The students within these institutions, of course, are the ones facing the full force of the attacks. On 8 March Palestinian graduate student Mahmoud Khalil was arrested by ICE officers at his home in New York and transferred to a detention facility in Louisiana where he remains in custody. US Secretary of State Marco Rubio and the State Department are attempting to revoke his green card and deport him for his involvement in the pro-Palestine encampment at Columbia in the spring of 2024. In the weeks since, six more students and professors have faced similar arrests, detentions, and home searches, and Rubio has boasted of revoking over 300 visas from those deemed ‘adversarial to the foreign policy and national security interests’ of the country. The foundations of this repression, we must not forget, were laid by the former Biden-Harris administration, which demonised and criminalised pro-Palestine protests from the very beginning.

Opportunists re-strategise

In the midst of Trump’s attacks on nearly every institution that the Democrats claimed to value during their campaign, Biden and Harris have gone radio silent. So called ‘left-wing’ democratic socialists Bernie Sanders and Alexandra Ocasio-Cortez have risen from the ashes and taken up the task of rehabilitating the Democratic Party, touring the US and holding ‘rallies against the oligarchy’. This is just the first development in the series of tired opportunist tactics to pull a downtrodden electorate back over to their side following the destruction that will ensue over the next four years under the Republicans. Their political messaging has already conceded to Trump’s rabid anti-communist rhetoric, denying any allegations of subscribing to leftist ‘extremism’. They have managed to once again exploit their phony socialist façade and defend the Democratic Party programme: that of an utterly and irredeemably imperialist party which will always leave the working class out to dry to preserve a dying and desperate capitalist system. 

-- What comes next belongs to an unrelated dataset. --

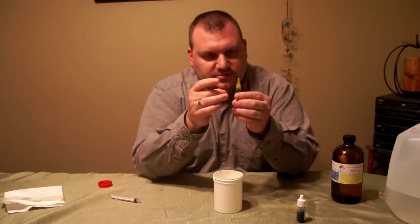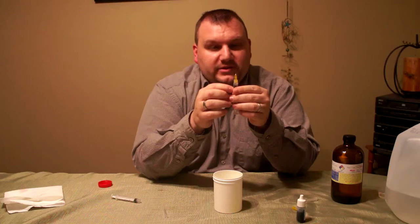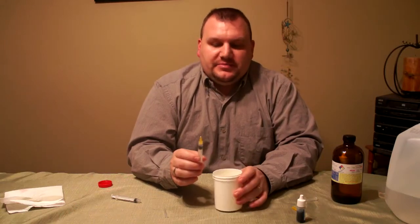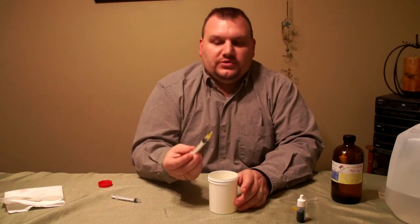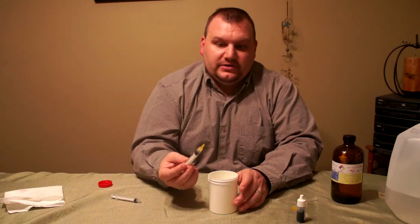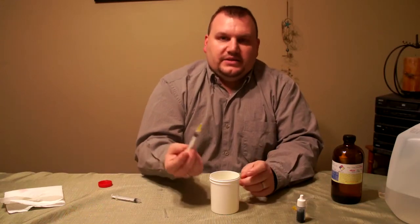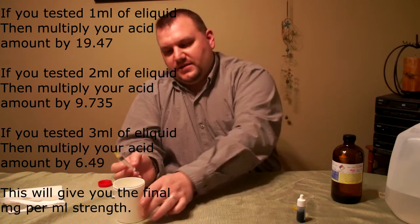Now I'm going to look at my syringe. I have one half milliliter left in my syringe, so that means I added two and a half milliliters of acid. Just keep in mind that if you're testing a higher nicotine strength and you use all of your acid and have to add more to your syringe, don't forget that you did that — you could have added like 4.5 milliliters total. But in this test I added 2.5 milliliters of acid, so that's my magic number.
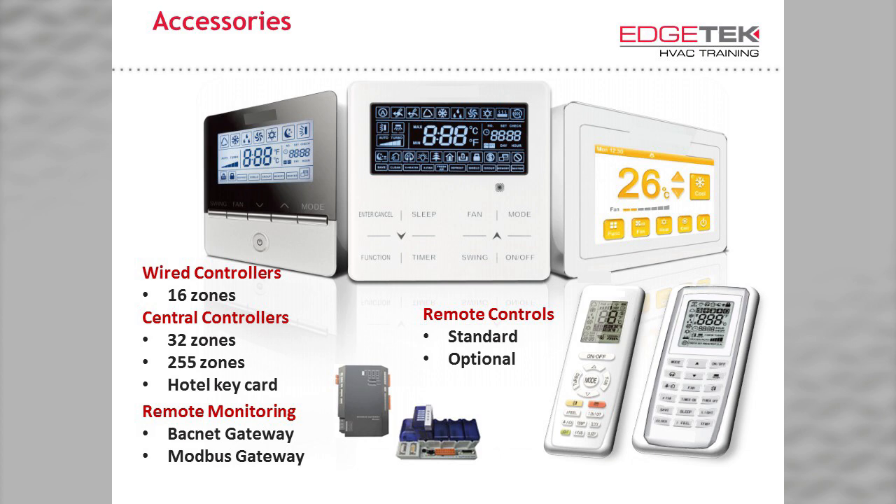In the bottom right, we have the wireless controllers, either included with ductless style indoor units or as an option for ducted units. In the top right, we have our central controller offered in models capable of operating 32 or 255 zones, depending on the needs of the jobsite. It is a touch screen controller with just about every function you need to centrally control a system. Finally, we offer both Modbus and BACnet gateways for controlling and monitoring systems remotely.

As the crisis intensifies, so too will repression and the disintegration of the social fabric in the US. The resistance will only come from the working class, hope for which can be seen in the mass mobilisations against the attacks on migrants and Palestine activists. With thousands taking the streets, it is crucial that the US working class make the links between all struggles under capitalism and organise for socialism. It is the only alternative to the bloody imperialist pendulum of bourgeois democracy in the US.